The PISA study for 2018, published last year, found Scotland’s performance in maths had slipped by two points (491 down to 489) against 2016 – the figure was behind both England and Northern Ireland. Across the world Scotland was ranked 31st for maths.

Scotland’s performance in the PISA data published in 2016 caused a political row, with Scotland was classed as “similar to the OECD average” in maths, science and literacy for the first time.

At the time, Education Secretary John Swinney said the results made for uncomfortable reading and showed that radical reform was needed.

Responding to the call for the school week to be extended, a Scottish Government spokesman said: “We know pupils will need extra help when schools re-open. We are investing an additional £100m over the next two years to tackle the impact of lockdown and ensure children get the support they need, and we are currently considering a range of options on how best to deploy this.

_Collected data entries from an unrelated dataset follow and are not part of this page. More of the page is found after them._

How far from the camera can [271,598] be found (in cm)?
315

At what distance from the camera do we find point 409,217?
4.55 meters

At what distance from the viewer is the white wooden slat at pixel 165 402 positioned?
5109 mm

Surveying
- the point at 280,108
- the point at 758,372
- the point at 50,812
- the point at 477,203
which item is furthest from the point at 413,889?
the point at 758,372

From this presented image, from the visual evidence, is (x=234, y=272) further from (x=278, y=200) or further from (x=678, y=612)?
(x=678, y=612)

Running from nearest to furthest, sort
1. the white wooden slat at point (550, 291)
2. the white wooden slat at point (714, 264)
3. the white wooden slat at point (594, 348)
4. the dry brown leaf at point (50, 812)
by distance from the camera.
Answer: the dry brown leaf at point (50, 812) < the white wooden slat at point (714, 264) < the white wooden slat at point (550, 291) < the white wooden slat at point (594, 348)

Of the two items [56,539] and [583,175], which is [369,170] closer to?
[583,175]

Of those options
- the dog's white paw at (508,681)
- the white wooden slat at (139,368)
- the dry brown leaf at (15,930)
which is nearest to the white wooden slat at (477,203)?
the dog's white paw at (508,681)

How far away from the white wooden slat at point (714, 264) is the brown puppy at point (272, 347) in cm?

“For those who don’t have the technology at home to learn effectively, we are supplying for 25,000 laptops or tablets – with internet access provided – for disadvantaged children to support learning outside school. This is the first phase of our £30m commitment to support a roll-out of digital devices to disadvantaged children and young people.

“Reducing the poverty-related attainment gap remains a defining mission for the Scottish Government. In addition to the £182m to be invested in the Scottish Attainment Challenge this year, we will be working alongside partners to increase support to those families and communities who need it most.”